Jack Matlock Sovyetler Birliği’nin çöküşünü Moskova’da büyükelçi olarak izlemiş bir Amerikan diplomatı. O da çok açık ifadelerle yönetime bu yolda uyarmalarda bulunmuş.

William Perry kendisini savunma bakanı olarak atayan Bill Clinton’la bu konuda takışmış. Clinton bakanı Perry yerine dışişleri bakan yardımcısı Richard Holbrook’u dinleme eğilimindeymiş. Perry NATO’nun sınırlarını Rusya’ya kadar uzatmak yerine Rusya’yı Batı’ya yaklaştırma taraftarıymış. Clinton’un kendisini dinlemediğini anlayınca istifayı da düşünmüş. “Yanlış anlaşılır diye istifa etmedim” diyor Perry.

Joe Biden tarafından CIA’nin başına atanan William Burns 2019’da yayımlanan anılarında, 1995 yılında ülkesinin Moskova büyükelçiliğinde danışman olarak çalıştığı dönemde yazdığı bir raporda, “Ukrayna’nın NATO’ya alınması yalnızca Putin için değil Rusya’nın bütün ileri gelenleri için de kırmızı çizginin aşılması anlamını taşır” diye yazdığını anlatıyor.

En keskin uyarı ise ABD politikalarının en sert eleştirmeni Prof. Noam Chomsky’den gelmiş. Chomsky 2015 yılında “Ukrayna’yı NATO’ya almak isterseniz Rusya ile savaş çıkar” görüşünü açıklamış.    

Prof. Stephen Cohen, 2014 yılında katıldığı bir TV programında, Ukrayna’nın NATO’ya alınmasının bir ölüm-kalım savaşına yol açacağını söylemiş.

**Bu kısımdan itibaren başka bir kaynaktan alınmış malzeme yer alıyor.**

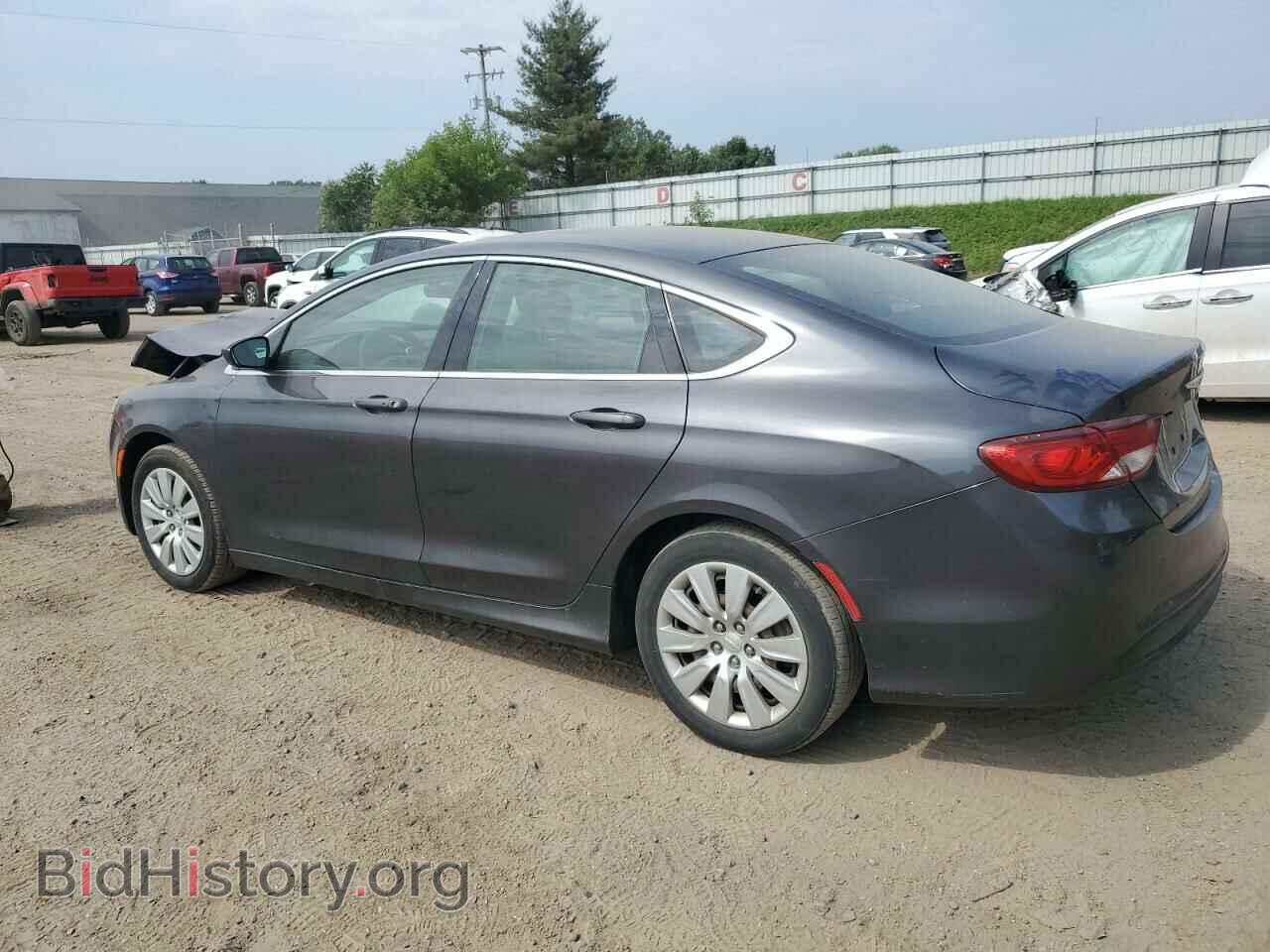 2016 CHRYSLER 200 - VIN: 1C3CCCFB5GN177143 - Фото 2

Ülkesinde Ronald Reagan döneminde CIA direktörlüğü ve George W. Bush ile Barack Obama dönemlerinde savunma bakanlığı yapmış olan Robert Gates de, anılarında, benzer uyarıları Obama’ya ilettiğini yazmış. 

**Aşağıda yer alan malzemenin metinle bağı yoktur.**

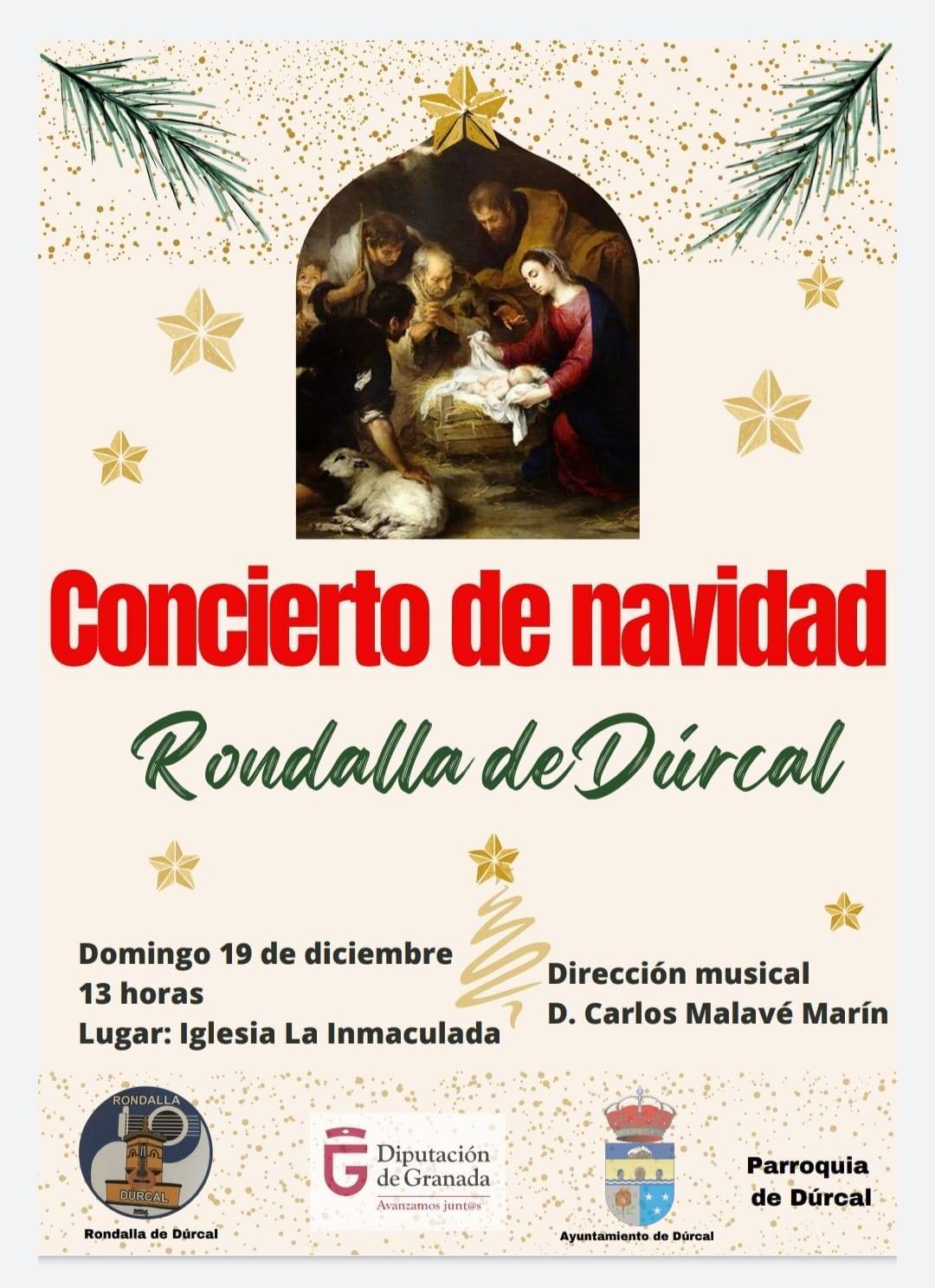 Concierto de Navidad (2021) - Dúrcal (Granada)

Yalnız Amerikalı diplomatlar ve düşünce adamları değil uyaranlar, Avustralya’nın eski başbakanı Malcolm Fraser, BM genel sekreter yardımcısı İtalyan diplomat Pino Arlacchi, İngiltere’nin eski Moskova büyükelçisi Sir Roderick Lyne de benzer görüşler açıklamış. 

Lyne, “Rusya ile savaş çıkarmak istiyorsak en kestirme yolu Ukrayna’yı NATO’ya itmektir” demiş, daha ne desin?

Bu arşiv bilgilerini belgeleriyle aktaran Nişanyan şu sırada yaşananları öngörmesi gereken Batı ülkelerinin aksine tavırlarını iki ihtimalle anlamaya çalışıyor.

Ya şuursuzluktan, cehaletten, kibirden ve sorumsuzluktan işi bu noktaya vardırmış olabilirler, ya da sonucun savaş olacağını bile isteye bugünlerin altyapısını hazırlamışlardır. 

Ben Amerikalıların değil ama Putin’in şuur, bilgi eksikliği, kibir ve sorumsuzlukla Rusya’yı savaşa sürüklediğini, buna karşılık Batı’nın -özellikle de ABD’nin- Rusya’yı Putin’siz hale getirmenin bir yolu olarak Ukrayna konusuna yaklaştığını düşünüyorum.  

Putin Rusya’ya yakın ve Zelenskyy’siz bir Ukrayna peşinde, Batı da Çin’e karşı kendisiyle birlikte hareket edecek Putin’siz bir Rusya hedefine kilitlenmiş durumda. 

Savaş nasıl gelişir, kaç gün veya kaç ay sürer, sonunda nasıl biter bilemem, ancak her şey olup bittiğinde fiilen savaşan tarafların -Rusya ile Ukrayna’nın- bu süreçten büyük hasar görerek çıkacağına ise eminim.